If Meg Whitman can undo the damage that her predecessors have caused, then HP can be healed. But, Meg Whitman needs to deliver real and tangible results to investors soon, or else she may lose the chance to repair HP in its present form. Ralph Whitworth's agreement with HP expires in November 2013, and it is likely that other activist investors will begin pressuring the company before this agreement expires. Unless Meg Whitman can show investors that HP is on the road to recover, the company may not be able to keep itself in its present form. HP has said that its restructuring and cost savings targets will be complete by the end of fiscal 2014, and that by 2016, HP's revenues should be growing at a rate equal to global GDP. Operating margins are set to rise faster than revenues by 2016, due to a leaner cost structure. The problem for HP is that investors may be unwilling to wait that long for a turnaround. The situation at HP is exactly what activist investors thrive on, and we believe that HP may simply be unable to fend them off.
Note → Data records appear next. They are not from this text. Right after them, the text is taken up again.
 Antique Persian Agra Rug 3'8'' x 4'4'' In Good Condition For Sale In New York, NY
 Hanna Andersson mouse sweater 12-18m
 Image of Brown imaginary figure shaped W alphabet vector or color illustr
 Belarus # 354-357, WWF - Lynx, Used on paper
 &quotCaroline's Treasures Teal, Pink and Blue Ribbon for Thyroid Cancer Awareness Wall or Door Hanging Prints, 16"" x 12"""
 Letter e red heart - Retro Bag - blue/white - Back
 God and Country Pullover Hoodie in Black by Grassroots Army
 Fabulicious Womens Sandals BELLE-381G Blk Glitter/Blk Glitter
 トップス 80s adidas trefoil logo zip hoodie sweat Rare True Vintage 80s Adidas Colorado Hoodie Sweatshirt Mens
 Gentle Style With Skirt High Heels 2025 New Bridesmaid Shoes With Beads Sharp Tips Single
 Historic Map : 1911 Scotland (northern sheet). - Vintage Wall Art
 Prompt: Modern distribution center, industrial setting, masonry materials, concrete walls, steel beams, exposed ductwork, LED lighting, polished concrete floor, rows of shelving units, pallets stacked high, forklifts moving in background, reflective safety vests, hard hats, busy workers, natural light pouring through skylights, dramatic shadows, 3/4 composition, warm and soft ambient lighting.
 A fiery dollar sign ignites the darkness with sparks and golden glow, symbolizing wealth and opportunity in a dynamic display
In our view, a breakup of HP could help solve several of the company's issues. By breaking itself apart, HP could fix its balance sheet, raise its valuation, unlock value for shareholders, and give its divisions increased focus. We have never held HP shares, but the company's valuation is approaching levels that are making its shares too tempting to pass up. For long-term investors who believe that HP will survive and eventually revive itself, this is a buying opportunity. The pessimism surrounding HP has never been higher, and the valuations have rarely been lower. This combination means that a buying opportunity may be at hand. In our view, HP shares may be reaching a bottom. We believe that for new investors in HP, an investment in the company will be a profitable one in the long-term. Either HP recovers on its own over the course of several years, or activists push the company to break itself apart, likely resulting in a much more rapid realization of value. We maintain no illusions that HP, in its present form, is a growth company. Investors looking for growth in the technology sector should look elsewhere. But, like UBS, we believe that there is value in HP, and that in the long run, it will emerge from this period of turmoil as a stronger company (or several companies). Meg Whitman and HP may be in the process of writing off billions in goodwill from the past, but we think it is too early for investors to write off HP.
Additional disclosure: We may initiate a long position in HPQ over the next several trading sessions. We hold shares of GOOG and IBM via the Fidelity Growth Company Fund.